January 29, 2016

WARNING: think very very carefully whether you really want to drive home tonight.

We’re not talking about all the usual nonsense about being trapped in a loveless marriage amidst the myriad oppressive entanglements of a domestic routine that stopped making sense a long long time ago. No, we’re talking about taking a pragmatic tactical decision to take a rain check on a surefire date with a deadly destiny of the RTA carnage variety.

Of all the days you could possibly choose to get behind the wheel, turn on Armchair FM, and set the controls for the heart of Dunroamin, today is the very worst possible day of the entire year. Worse than Friday 13th, worse than Black Monday, worse even than Mauvey-Pink Wednesday. Better stay at the office tonight than risk almost certain calamity by chancing your luck on day of the UK’s most deadliest drivetime.

Not scared yet? Well, get this, O Skeptical One: last year there were 74% more accidents on January 29 than on an average UK day. That’s according to some very frightening numbers concocted by accident trading platform the Accident Exchange for the express purpose of getting their name (that’s the Accident Exchange) in the papers.

And on top of that, Readers, 29 January this year falls on a Friday (never a good day for driving anywhere, let’s face it) and on a day when there could be all type of wind and rain and shizz going down. So be warned – get some extra sandwiches in, and maybe a bottle or two of pop, and snuggle down on that sofa in reception with a couple of colleagues and some trade magazines, and then simply weather it out til midnight, when it will stop being 29 Jan and become 30 Jan, an altogether safer day to drive.
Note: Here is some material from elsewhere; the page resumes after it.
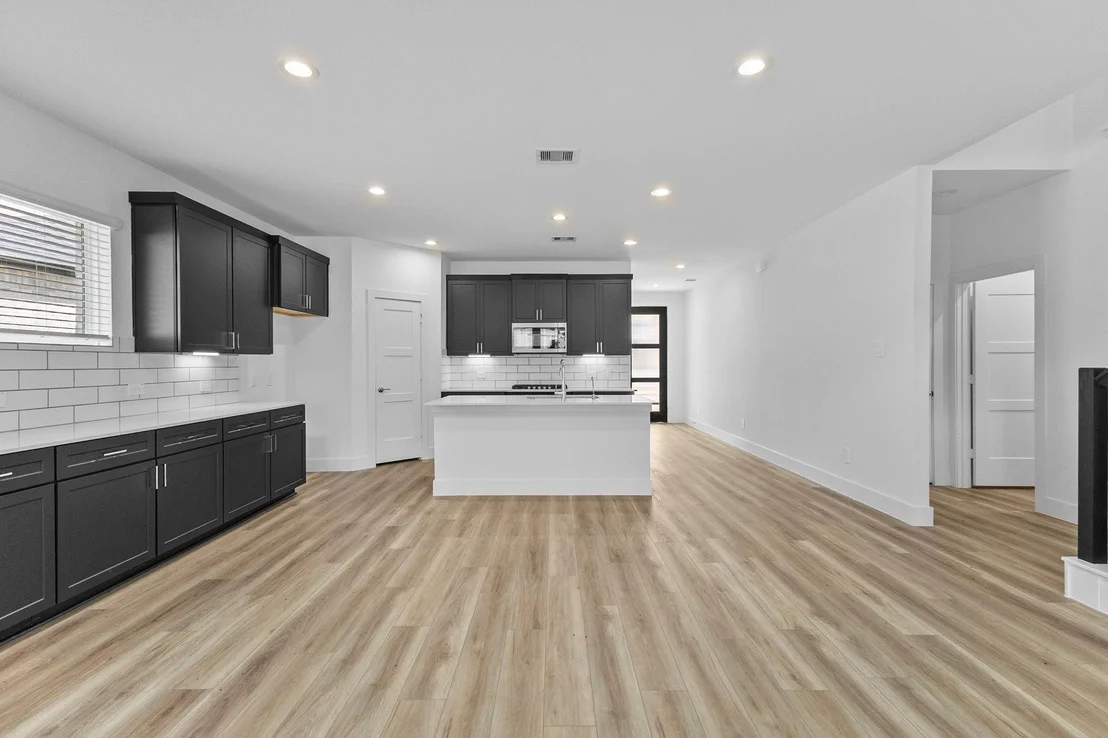 Photo of 4617 Vernal Loop
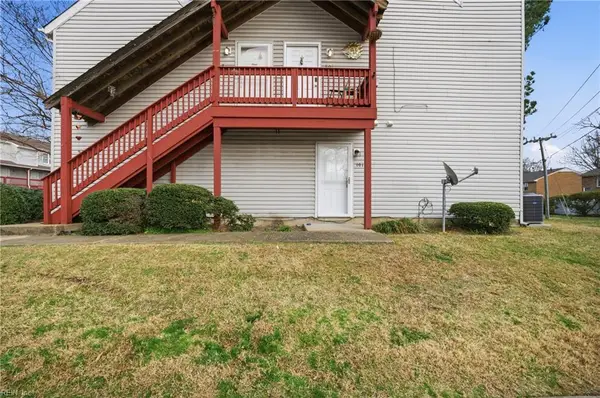 500 Barberton Drive #201, Virginia Beach, VA 23451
If you do insist on heading home, at least wait until after 6pm. January Fridays, with everyone dashing off home in the dark at exactly the same time makes it 53% more dangerous than driving at any other time during the preceding six hours. Ask your boss (assuming you still have one) if you can b*gger off early because you don’t want to fall foul of the entire year’s most dangerous driving conditions. Or stay chatting to the gang in reception for an hour or two. Maybe they’ll share their pop and trade mags if you’re nice.

To give you a better chance of surviving today’s traffic terrors, the Accident Exchange have compiled a list of top tips for drivers who don’t have a death wish, a version of which (we’ve just tidied it up and focused on the important bits) appears below:

1. Look where you’re going
2. Concentrate!
3. Make sure “your blades are clean” and top your “windscreen washer” up with “washer fluid”
4. Remove snow, ice, and mist from vehicle windows, so you can see out of them
5. Put your headlights on, so you can see where you are going and other drivers can see you
6. Allow “extra time” and don’t drive faster than your guardian angel can fly (Lovely thought that, isn’t it! Saw it on a sticker on a flowery lady’s car the other day)
7. Don’t drive right up anyone’s *rse if it’s all snowy or icy or whatever, and remember to always look way off into the distance – because cars take a long time to stop when they’re sliding on ice
8. Use low gears – that horrible constricted straining sound is a good thing: you want that sound – especially if you drive down a hill or something
9. Pack for disaster: take warm outdoor clothes, a reflectable jacket, torches, spades, flares (the distress signal kind, not the trousers), flasks of hot tea or coffee, a fully-charged mobile phone, and maybe a couple of tennis rackets and some string in case you need to travel a long way across a desolate snowy landscape
10. Don’t fuss around, Fool. Your life is on the line!